* SOURCE DATA:

****

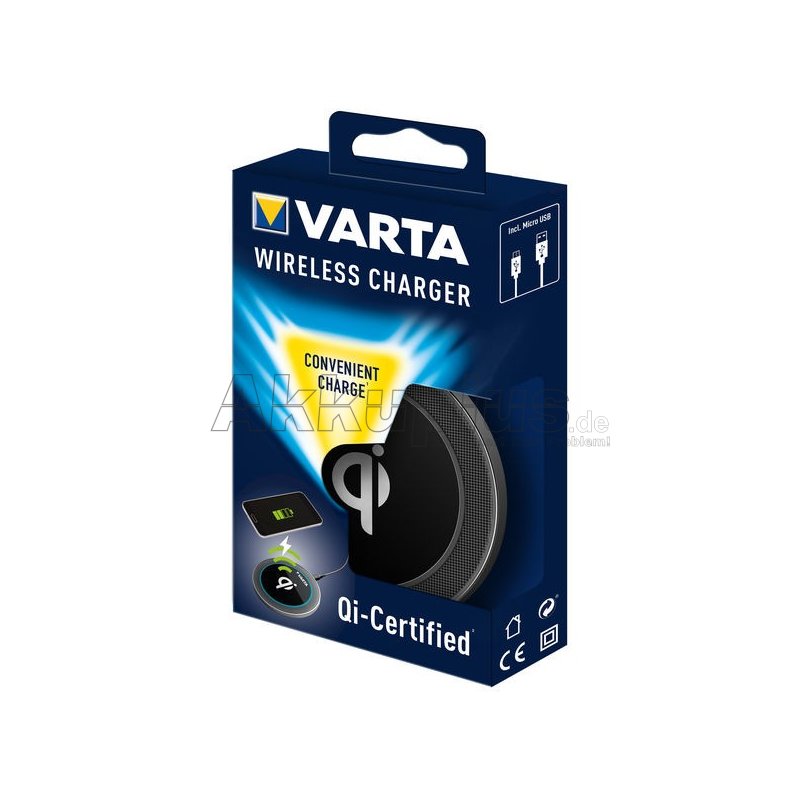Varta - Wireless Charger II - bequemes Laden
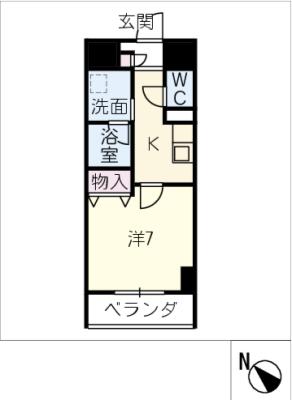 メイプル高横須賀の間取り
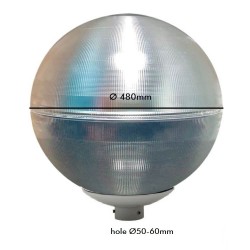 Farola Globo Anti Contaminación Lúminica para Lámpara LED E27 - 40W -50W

****

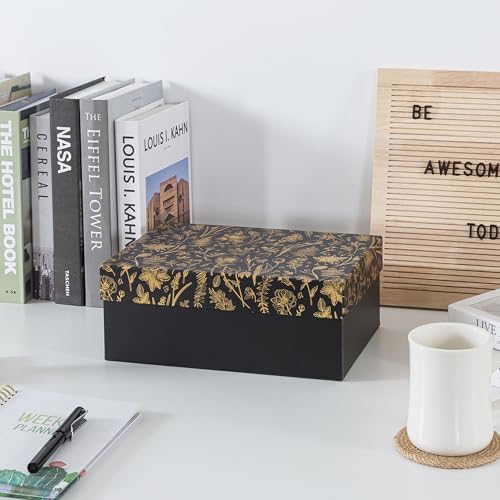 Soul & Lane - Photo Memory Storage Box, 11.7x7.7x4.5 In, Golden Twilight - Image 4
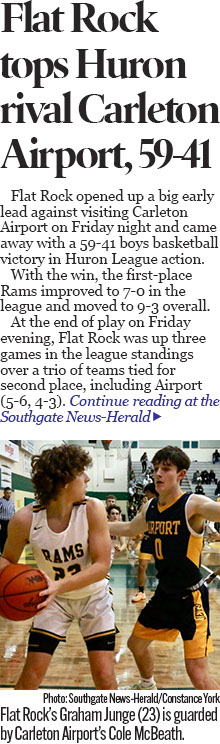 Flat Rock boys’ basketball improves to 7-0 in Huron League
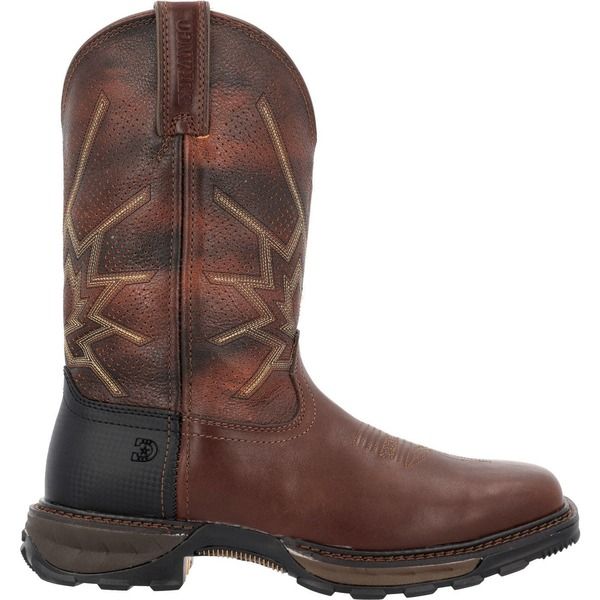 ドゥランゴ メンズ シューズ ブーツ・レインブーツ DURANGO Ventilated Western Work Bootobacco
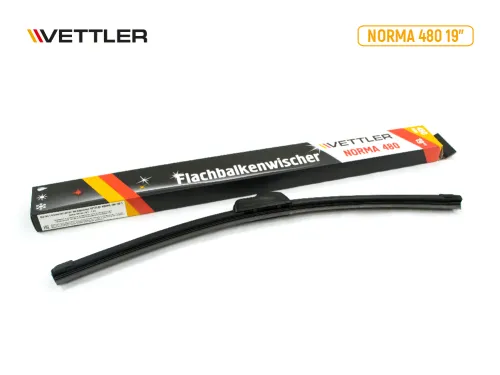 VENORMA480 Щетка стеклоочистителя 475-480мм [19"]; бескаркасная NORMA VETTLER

****

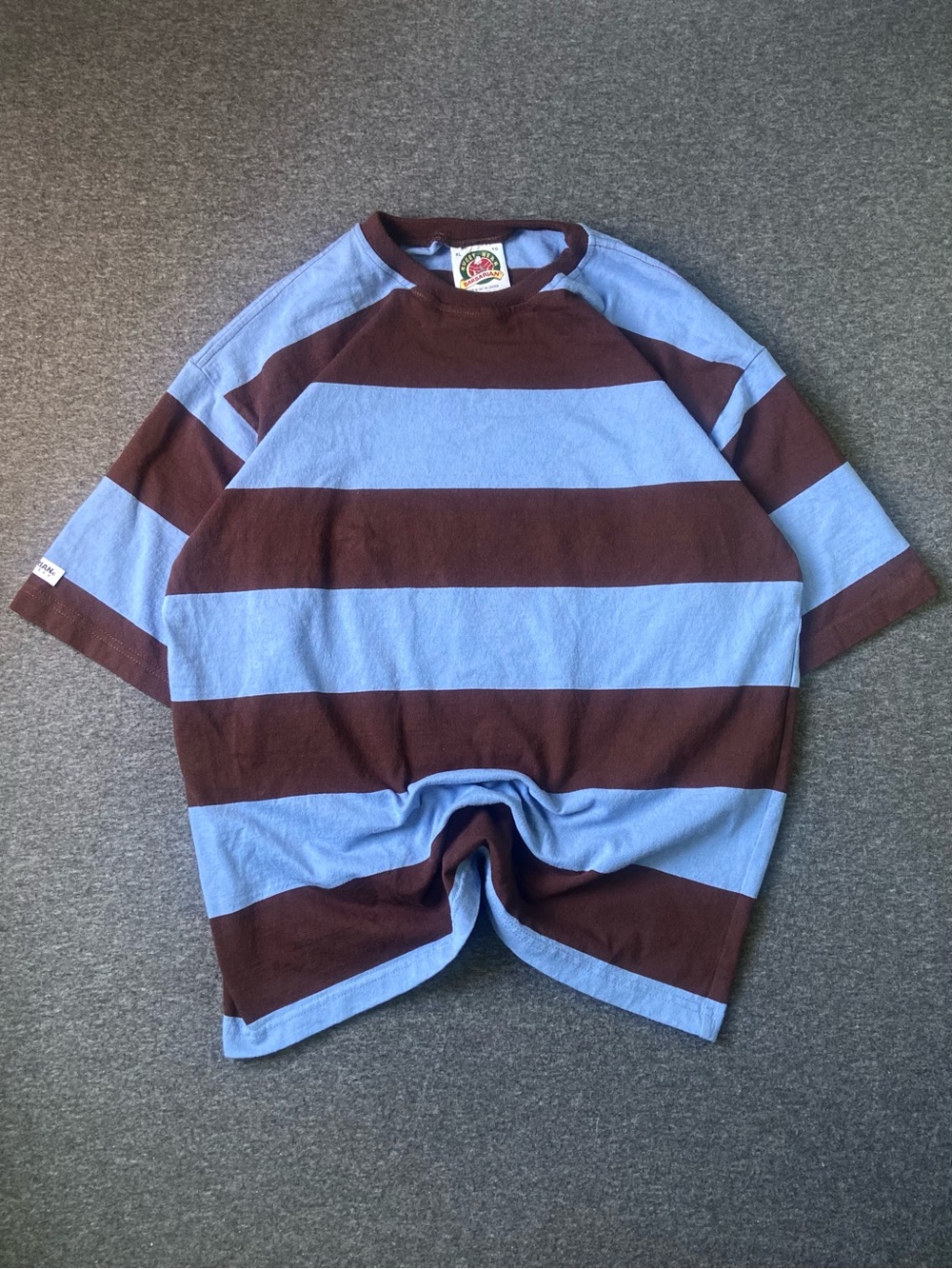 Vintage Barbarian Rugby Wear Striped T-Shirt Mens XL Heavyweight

****

* PROBLEM DESCRIPTION:
Find the line with "メイプル高横須賀の間取り" in the data above, and from there retype each line exactly through the line with "Farola Globo Anti", skipping the pictures along the way.

* ANSWER:
 メイプル高横須賀の間取り
 Farola Globo Anti Contaminación Lúminica para Lámpara LED E27 - 40W -50W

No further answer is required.